Thieves' Highway (Jules Dassin / U.S., 1949):

The long haul and the produce racket, "this ain't no lace pants business." A Los Angeles homecoming with souvenirs from the seven seas, the sailor's (Richard Conte) own gift is the loss of innocence when he sees his father (Morris Carnovsky) betrayed and maimed. On to San Francisco for sales and revenge, the Army truck loaded with precious Golden Delicious apples and followed by the grizzled partner (Millard Mitchell). Free enterprise according to A.I. Bezzerides, Greeks and Poles and Italians chafing on the road to the busy market of thugs and "wildcat peddlers": The top chiseler (Lee J. Cobb) knows how to cut the legs out from under a man, amid the free agents prowls the prostitute (Valentina Cortese), looking "like chipped glass" and nursing a private melancholia. "A fella tries to make a buck, and that's all." Jules Dassin stages all of it with compact vividness, a less boisterous but more urgent drive by night than Walsh's. A tire blows out along the way, the hero reaches for the jack and finds himself face down in the sand with the weight of the rig resting on his neck, the wound is massaged in a lovely bit composed of roadside whooshing and wandering headlights.
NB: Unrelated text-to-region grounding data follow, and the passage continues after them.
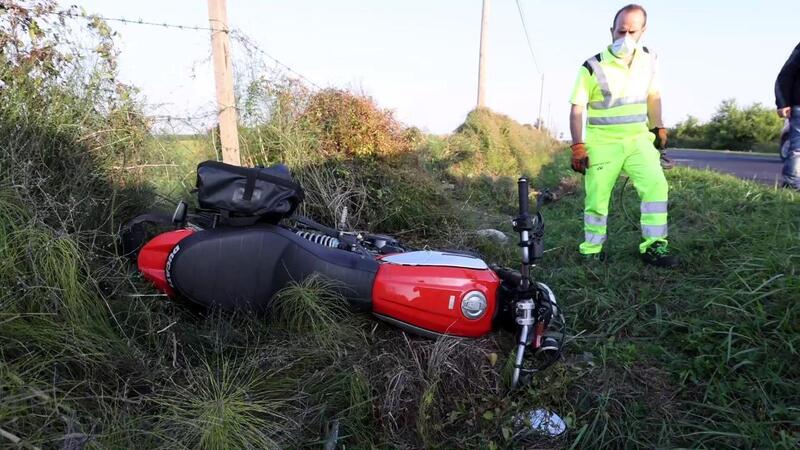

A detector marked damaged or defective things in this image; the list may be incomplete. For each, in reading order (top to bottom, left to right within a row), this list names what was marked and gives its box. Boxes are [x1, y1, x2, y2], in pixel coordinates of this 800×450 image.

overturned red motorcycle [122, 161, 564, 386]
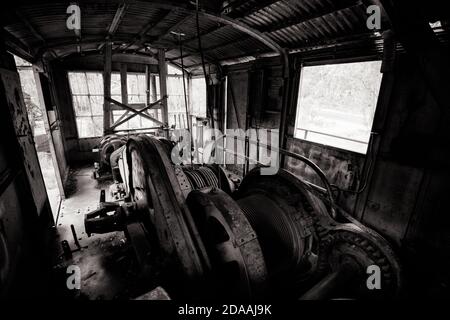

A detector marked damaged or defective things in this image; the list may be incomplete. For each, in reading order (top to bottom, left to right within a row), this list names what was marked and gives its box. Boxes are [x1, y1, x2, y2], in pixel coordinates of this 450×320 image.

broken window [296, 61, 384, 155]
rusted metal gear [185, 188, 268, 300]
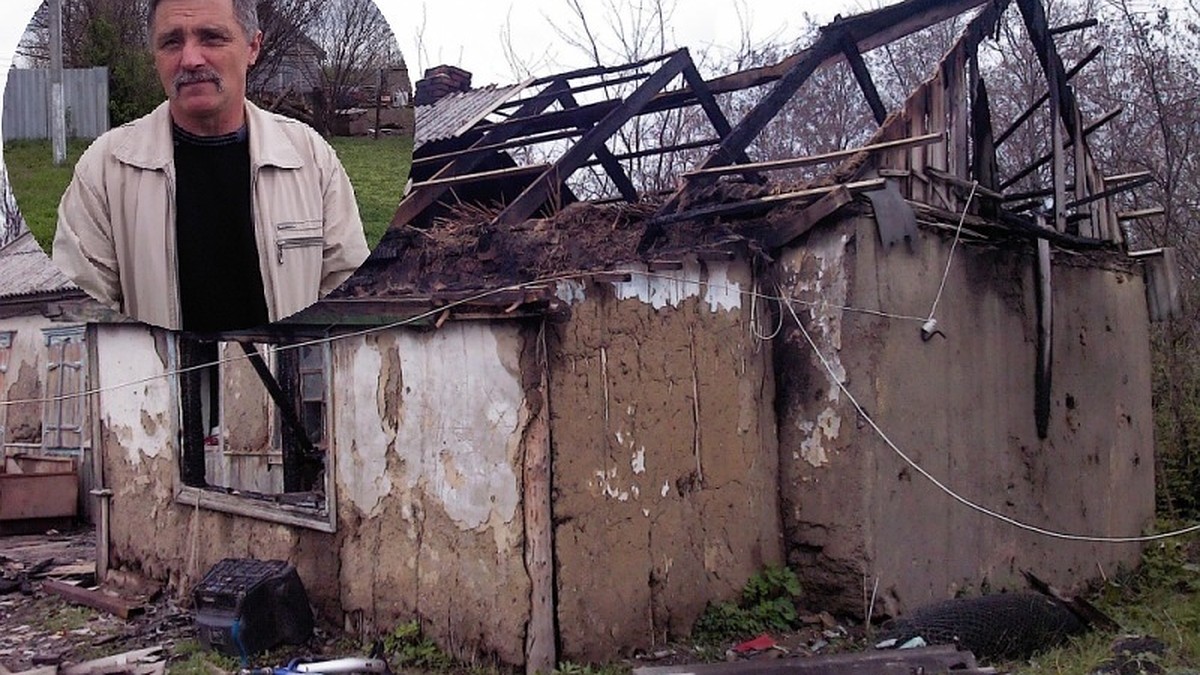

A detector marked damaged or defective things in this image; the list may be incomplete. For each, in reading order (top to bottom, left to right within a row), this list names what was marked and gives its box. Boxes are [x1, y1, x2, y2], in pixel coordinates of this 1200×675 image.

The gamut of the war veteran—vengeful behind the wheel, half-asleep at the flophouse, high on a wad of cash, fleeced and bloody at a pier. Jack Oakie and Joseph Pevney as the razzing/kvetching faces of the lumpenproletariat. (The Soviet montage of the truck wreck is capped with a Dovzhenko image.) Gold-digging blonde fiancée (Barbara Lawrence) versus loyal B-girl ("She uses a club, you use a knife"), capitalism's hatchet lands at last on the knuckles of the big boss. Clouzot (The Wages of Fear) and Kazan (On the Waterfront) take detailed notes. With Tamara Shayne, Norbert Schiller, Edwin Max and Hope Emerson. In black and white.